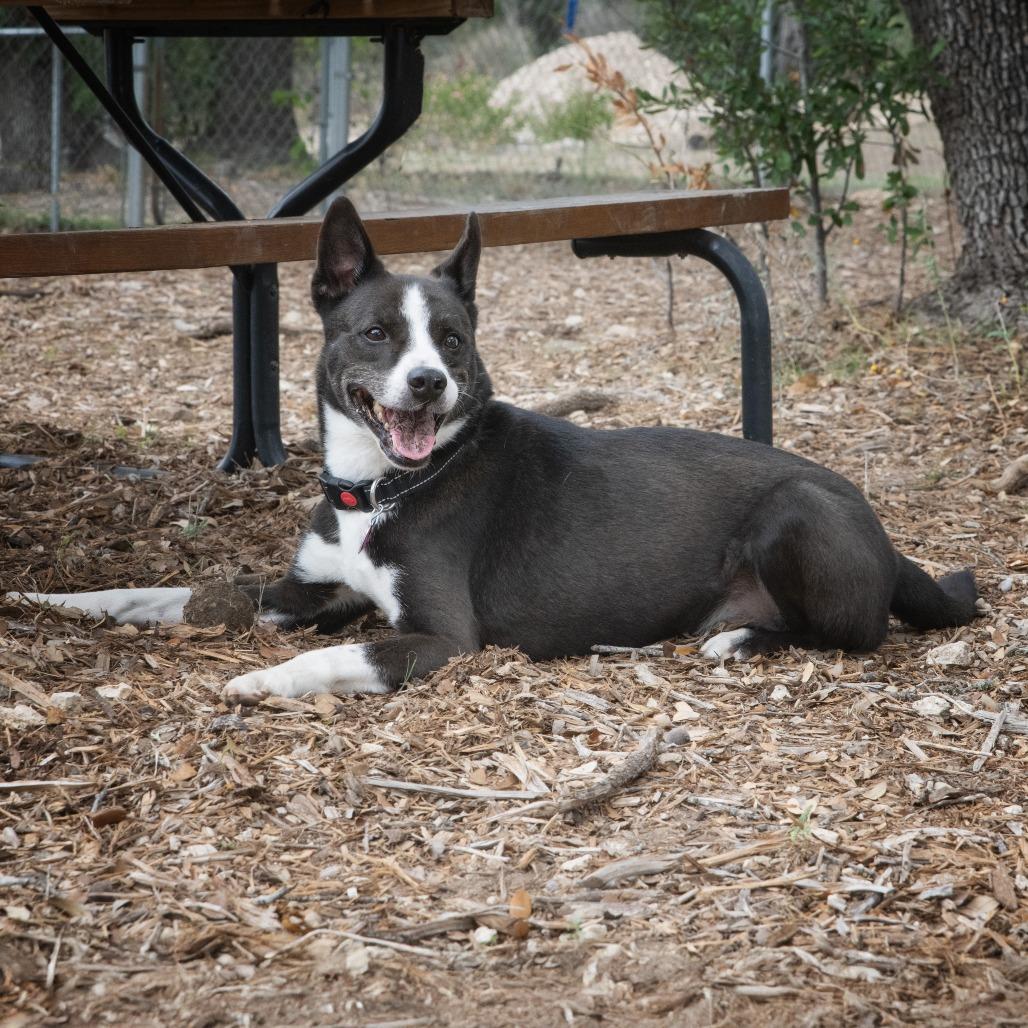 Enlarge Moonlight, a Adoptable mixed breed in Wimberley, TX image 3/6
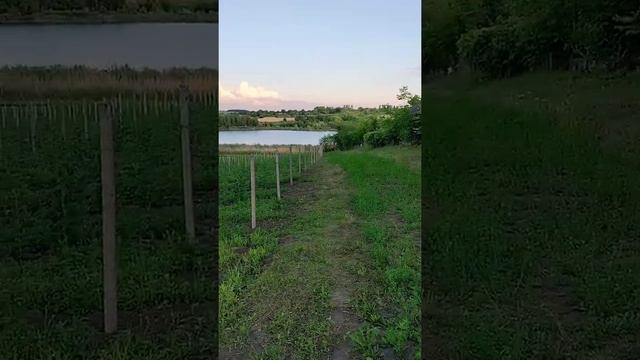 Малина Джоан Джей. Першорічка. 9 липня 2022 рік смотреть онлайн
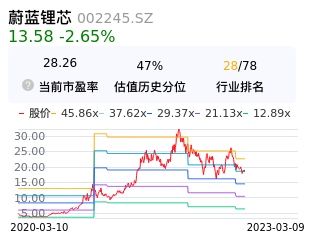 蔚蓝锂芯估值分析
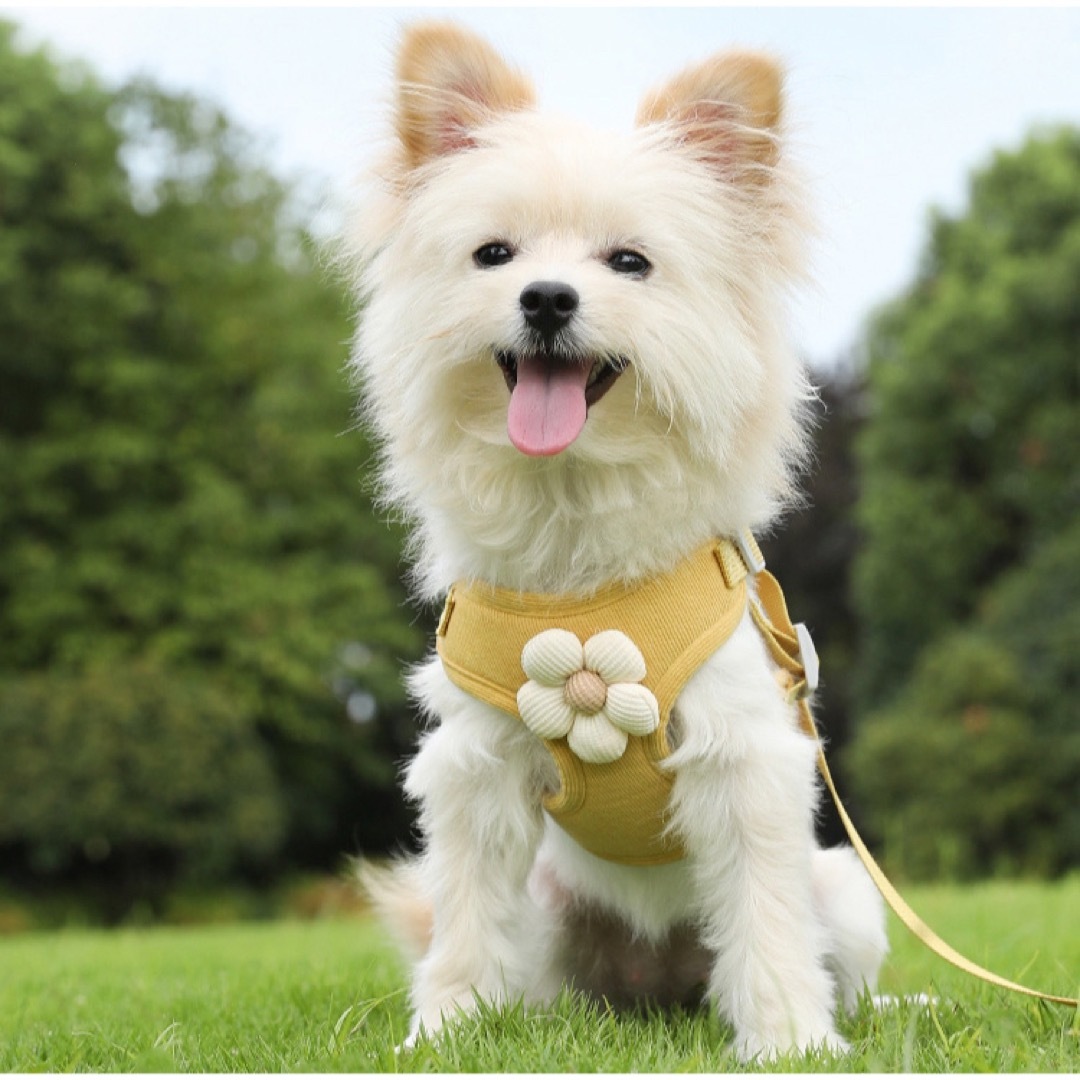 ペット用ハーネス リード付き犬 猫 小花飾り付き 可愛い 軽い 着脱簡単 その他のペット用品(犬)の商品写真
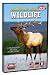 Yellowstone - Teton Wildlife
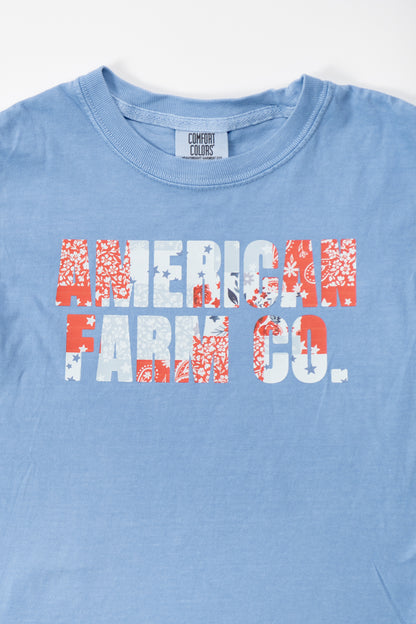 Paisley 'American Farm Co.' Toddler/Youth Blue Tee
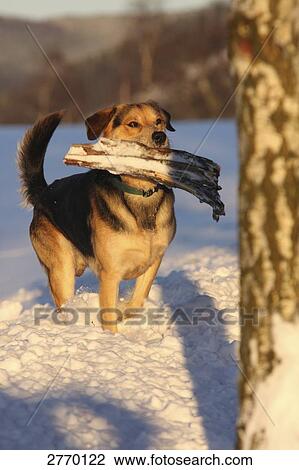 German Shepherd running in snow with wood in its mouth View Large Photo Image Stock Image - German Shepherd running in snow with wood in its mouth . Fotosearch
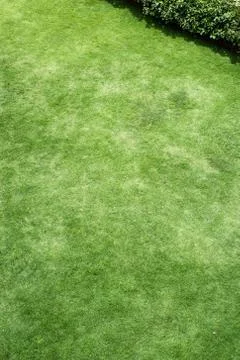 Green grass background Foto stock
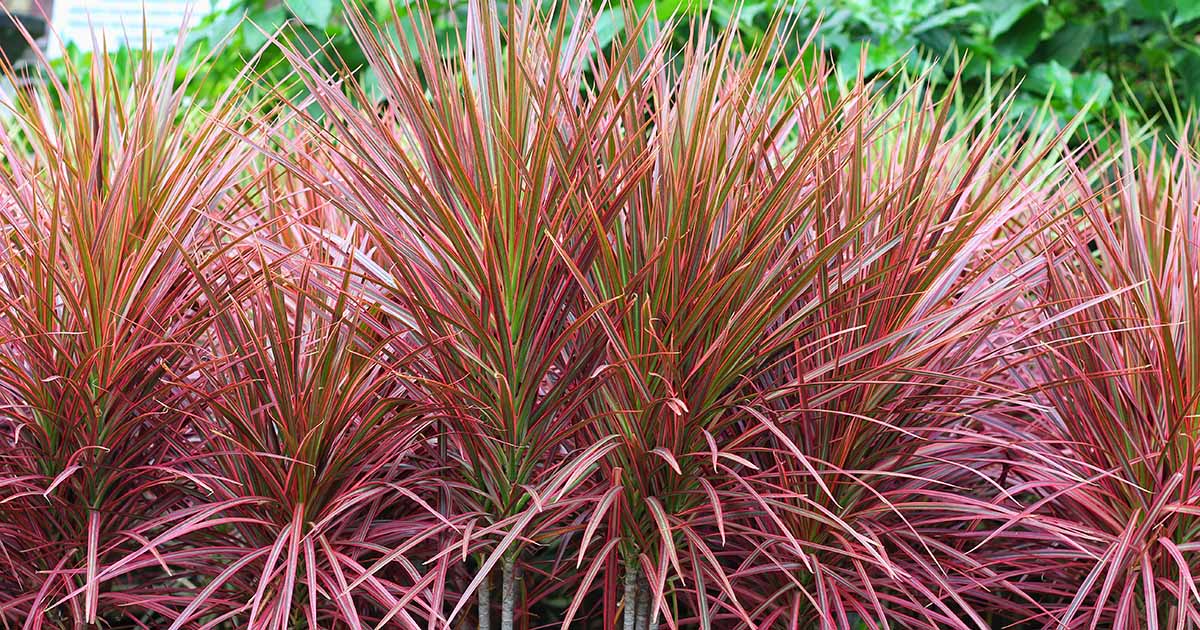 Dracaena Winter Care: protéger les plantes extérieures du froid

* * *

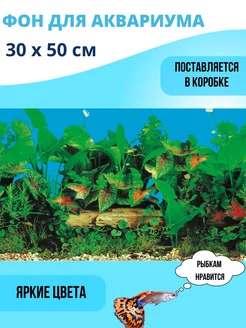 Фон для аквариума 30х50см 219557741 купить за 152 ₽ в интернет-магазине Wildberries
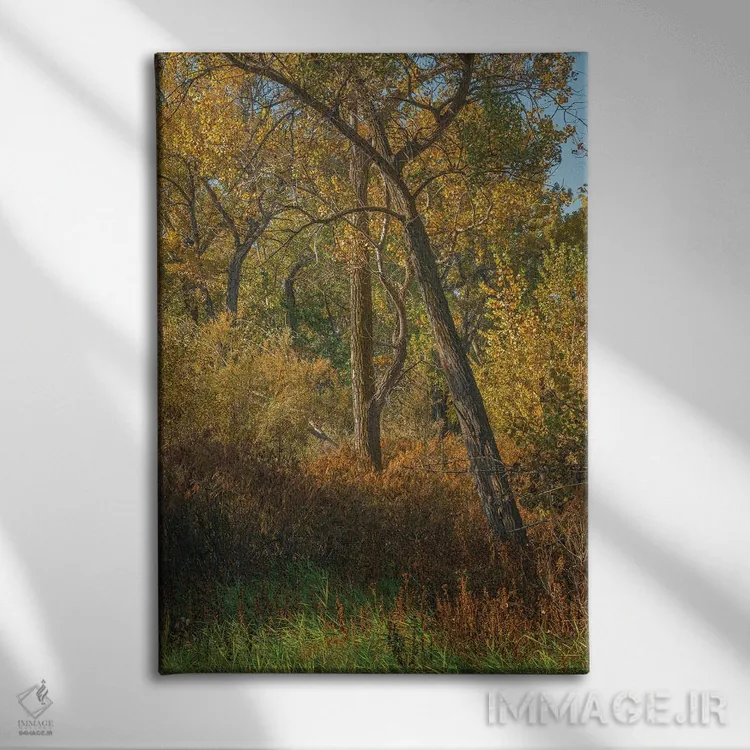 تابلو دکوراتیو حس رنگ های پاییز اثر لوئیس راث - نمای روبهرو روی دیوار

INSTRUCTIONS TO FOLLOW
What you write out is the stretch of entries from the line containing "Yellowstone - Teton Wildlife" to the line containing "Dracaena Winter Care: protéger", word for word, with both end lines and no pictures.

WRITTEN RESPONSE
 Yellowstone - Teton Wildlife
 Paisley 'American Farm Co.' Toddler/Youth Blue Tee
 German Shepherd running in snow with wood in its mouth View Large Photo Image Stock Image - German Shepherd running in snow with wood in its mouth . Fotosearch
 Green grass background Foto stock
 Dracaena Winter Care: protéger les plantes extérieures du froid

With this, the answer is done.